L’Eurasie à vélo #11: Jours de Pâques et du travail
Publié le 22/03/2022
Kiev, Ukraine, 1er Mai. Sur une place qui domine le fleuve Dniepr, deux hauts-parleurs diffusent des chants patriotiques. Militaires et civils s’y rendent en masse, un drapeau rouge ou des tulipes à la main. Les vétérans de la « Grande guerre ». tapissés de médailles, ont revêtu leurs plus belles tenues. Un peu plus loin, les bulbes dorés de la cathédrale Sainte-Sophie recueillent les chants fervents des fidèles. L’Ukraine célèbre aujourd’hui la Pâque orthodoxe et les vestiges de la Fête du travail. Quitté une banlieue plutôt sordide de façades lézardées, de vitres remplacées par du plastique, de terrains vagues, de rêves brisés. Route bordée de peupliers. Je file à vive allure grâce au vent complice. Au somment d’une montée, une homme, toutes dents en or dehors, me fait singe de la main. Il vend du poisson séché, que l’on mange volontiers avec une bière. De son side-car embusqué, il tire un jerrycan de smetana (crème) et remplit un de mes bidons. Je lui tends une bouteille de vodka « russkaya ».
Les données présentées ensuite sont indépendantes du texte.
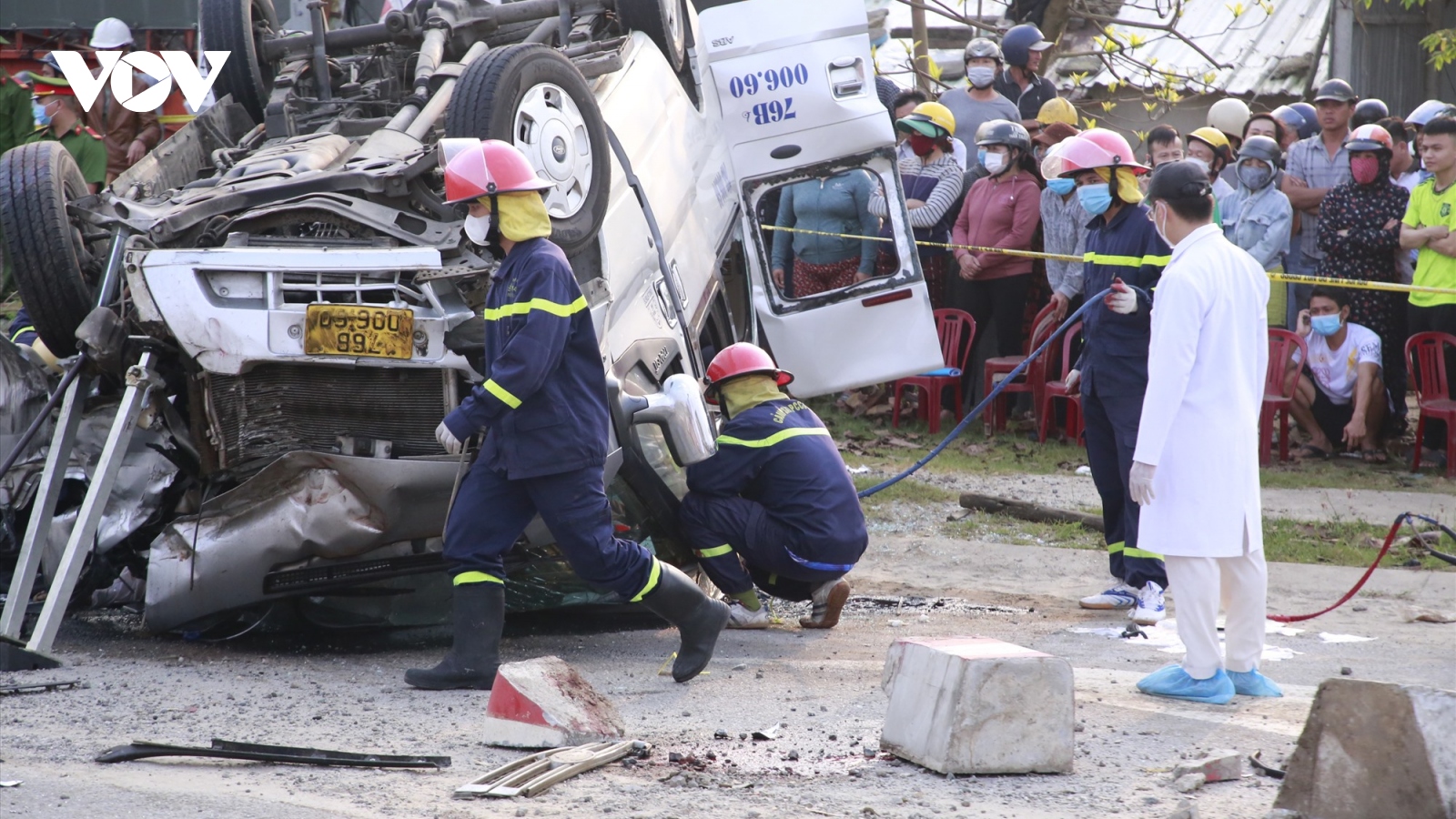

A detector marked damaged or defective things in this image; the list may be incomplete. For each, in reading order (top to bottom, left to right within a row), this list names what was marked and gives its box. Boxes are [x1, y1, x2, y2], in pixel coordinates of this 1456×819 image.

crumpled metal panel [145, 449, 457, 626]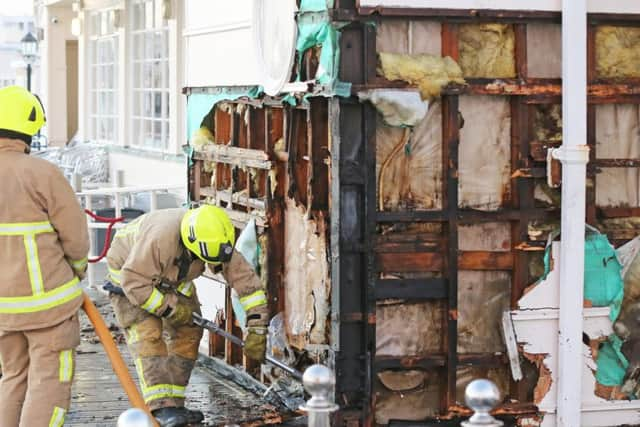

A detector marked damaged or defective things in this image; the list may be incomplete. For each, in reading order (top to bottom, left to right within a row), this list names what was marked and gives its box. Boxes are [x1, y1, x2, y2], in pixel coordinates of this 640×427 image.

burnt timber frame [332, 4, 640, 427]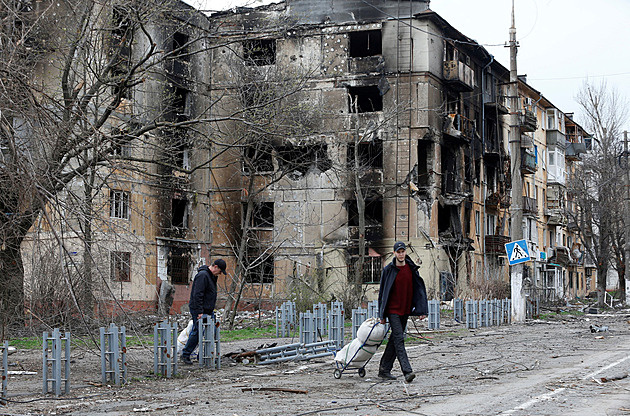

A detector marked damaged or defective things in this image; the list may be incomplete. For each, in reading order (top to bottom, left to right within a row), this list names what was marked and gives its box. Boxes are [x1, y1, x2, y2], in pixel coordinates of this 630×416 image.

burned out window [173, 31, 190, 60]
broken window [243, 39, 276, 66]
burned out window [243, 39, 276, 66]
broken window [348, 29, 382, 57]
burned out window [348, 29, 382, 57]
broken window [348, 85, 382, 114]
burned out window [348, 85, 382, 114]
broken window [243, 141, 276, 174]
broken window [278, 143, 334, 179]
burned out window [278, 143, 334, 179]
damaged apartment building [207, 0, 520, 306]
burned out window [348, 137, 382, 168]
broken window [346, 137, 386, 168]
broken window [110, 190, 130, 219]
burned out window [110, 190, 130, 219]
broken window [170, 197, 188, 228]
burned out window [172, 197, 189, 229]
broken window [246, 201, 276, 229]
burned out window [246, 202, 276, 231]
broken window [110, 252, 130, 282]
burned out window [110, 252, 130, 282]
burned out window [168, 252, 190, 284]
broken window [168, 250, 190, 286]
broken window [246, 252, 276, 284]
burned out window [246, 255, 276, 284]
broken window [348, 255, 382, 284]
burned out window [348, 255, 382, 284]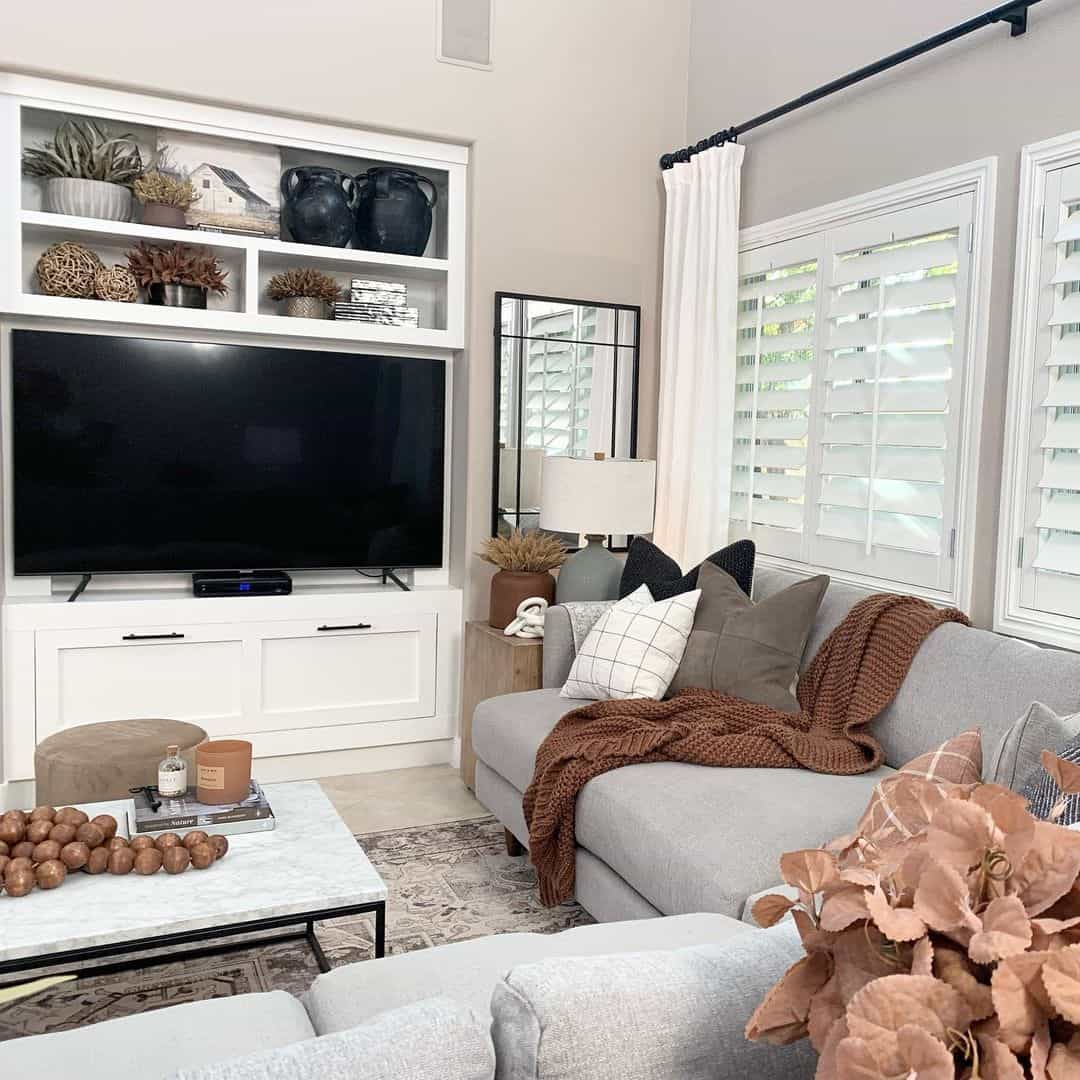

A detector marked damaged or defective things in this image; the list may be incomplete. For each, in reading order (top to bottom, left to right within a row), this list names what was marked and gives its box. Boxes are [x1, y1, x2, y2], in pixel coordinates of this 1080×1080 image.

Traversés de nombreux isthmes, fouettés par les vents, bordés de roseaux où des pêcheurs jettent leurs cannes dans le Dniepr, ce fleuve de 2200 km dont je suivrai le cours tranquille jusqu’à la mer Noire. Je trouve refuge dans les restaurants, de piètres cahutes au diapason d’une radio. Bien vite accueilli autour d’une table, serrés les uns contres les autres à « taper » dans les innombrables plats froids (oeufs, lard, pain de Pâques fourré à la viande) à parler bruyamment. Atmosphère égayée par les verres toujours pleins et subitement vides de vodka, vin et bière. Un accordéoniste entame une série de chansons. En Ukraine,comme en Russie, chacun est capable de gratter la guitare et connaît les chansons populaires.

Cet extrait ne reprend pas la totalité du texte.